Every year there are about 400,000 to 500,000 visitors to the Duquesne Incline and about 750,000 visitors to the Monongahela Incline, Chris Beichner, MWCDC executive director, said at the organization's community forum meeting on Aug. 20. The two tourist attractions are located about one mile apart.
"Even some Pittsburghers don't know that there are two inclines, not just one," a lady said.
The MWCDC is considering the new transportation options as a way of attracting more visitors to local businesses near the Inclines.
The next step is to inform the interested transportation companies of the peak times for incline visits and then to try some test runs so probable profits can be estimated. The MWCDC also plans to meet with residents who live near the inclines to discuss any concerns about noise, odors and traffic back-up.

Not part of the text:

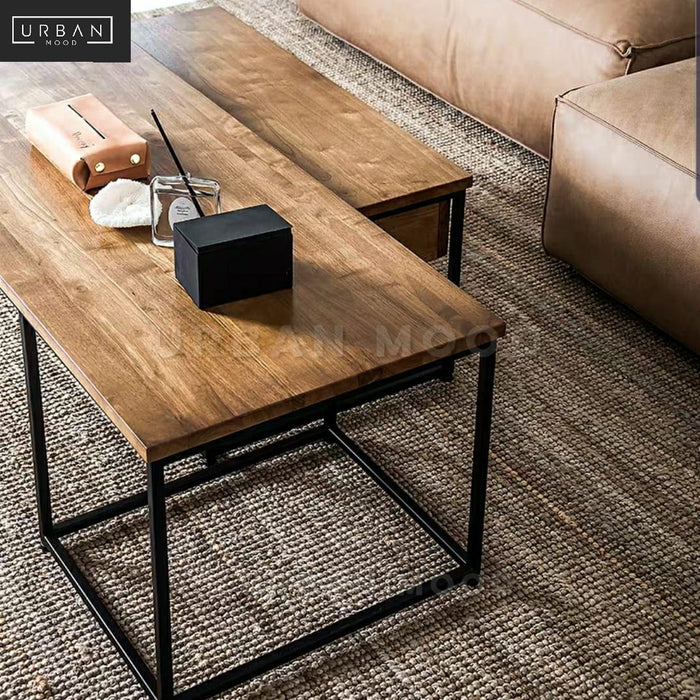 DOSSIER Rustic Solid Wood Coffee Table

Mr. Beichner hopes to have a decision from the companies on the feasibility of the plans by spring.
The attendees heard about other transportation issues from the guest speaker, Deborah Skillings, community outreach coordinator for the Port Authority. She mentioned there was a public hearing that day to get public input on drastic route changes that may occur if additional funding is not secured. "There's a hole in the budget and it is not being filled," she said.
Mount Washington residents will already be coping with route changes starting on Sept. 5.

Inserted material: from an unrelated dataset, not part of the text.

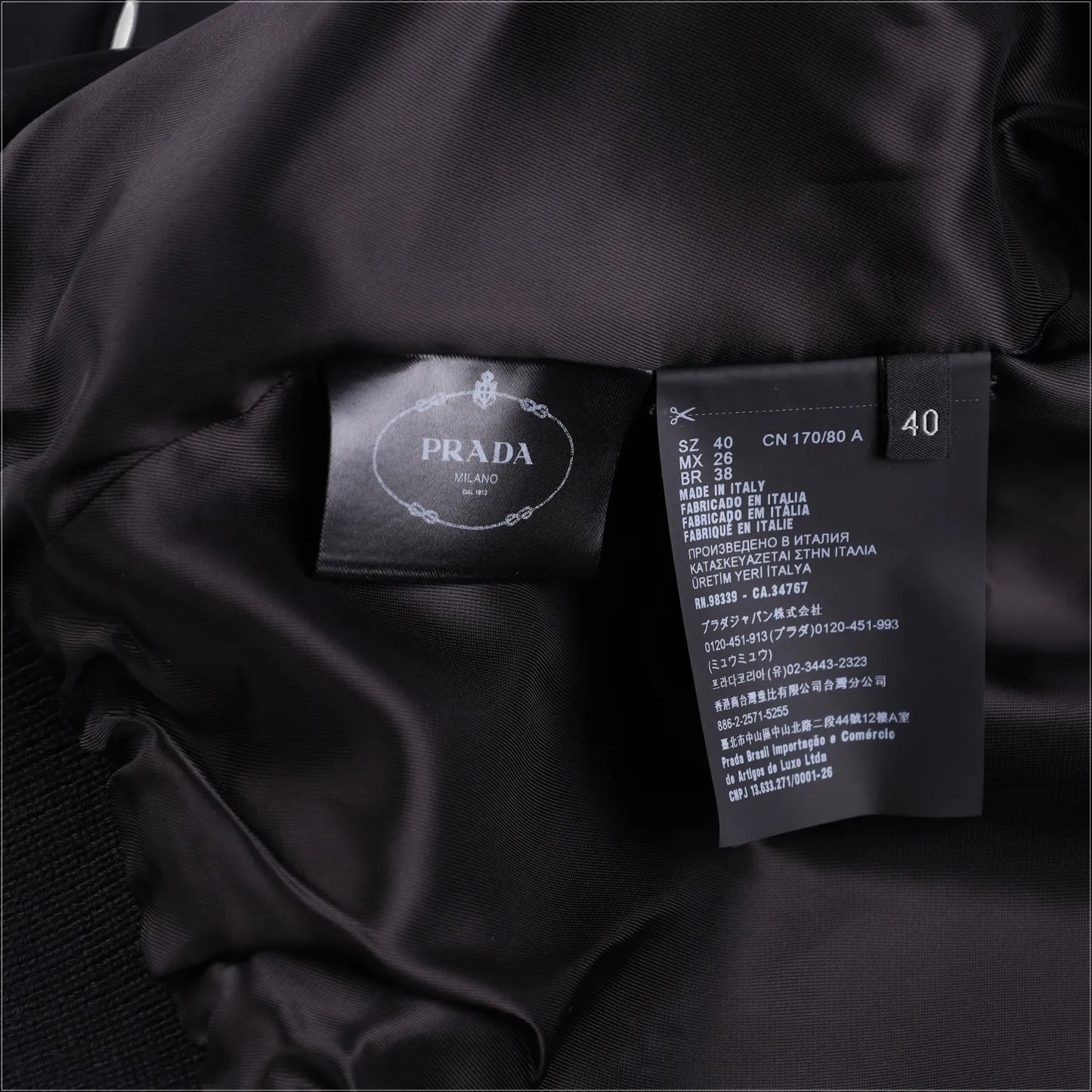PRADA Womens Jacket Sports Collared Neck Long Sleeve Wide Lapel Black 40 RRP2638 — View 10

However the situation may get a lot worse if more changes are made in January due to reduced funding.
The 40 Mount Washington will travel from downtown and the South Hills Junction and go up Southern Avenue. It will no longer travel the length of Boggs Avenue.
However, the 43 Bailey will travel the length of Boggs and Bailey and go through parts of Allentown.
As of Jan. 9, unless funding is obtained, the 43 Bailey route will be eliminated and service on Saturday and Sunday for the 40 Mount Washington will also be terminated.
Other changes scheduled to start on Jan. 1 include fare increases. One-way adult fare in Zone One will go from $2 to $2.25. One-way adult fare for Zone Two will increase from $2.75 to $3. A weekly Zone One pass will increase from $20 to $22 and a monthly Zone One pass will increase from $80 to $90. The cost of a weekly Zone Two pass will be raised from $27.50 to $30 and the monthly Zone Two pass will go from $105 to $120.
The deadline for the Port Authority's receipt of public comments is 4 p.m. Aug. 31.
"What can people do? Contact your state and county legislators," Ms. Skillings said.
For more information those who are concerned can call Port Authority customer service at 412-442-2000 or visit portauthority.org.
In other business, Mr. Beichner announced that the second annual MWCDC dinner will be held at 5 p.m. Nov. 9 at the Le Mont restaurant. Cost is $60 a person. Cocktail attire is requested. To reserve a seat call 412 481-3220, ext. 205 or email firstname.lastname@example.org Mr. Beichner also mentioned he is arranging with a graphics design class to paint murals on properties along Grandview Avenue owned by developer Craig Cozza to make them look more attractive. He said he expects the students' work to start soon since the four month course will end in December.
Board member Tom Brady said he would circulate a petition to request a city public hearing on its policy regarding removing abandoned cars from the streets. He said he believed a police commander was stopping the towing as a cost saving move.
The MWCDC released its crime statistics for July. There were: 17 burglaries, 15 acts of criminal mischief, 21 reports of harassment, one rape, 15 thefts from automobiles and six thefts from persons.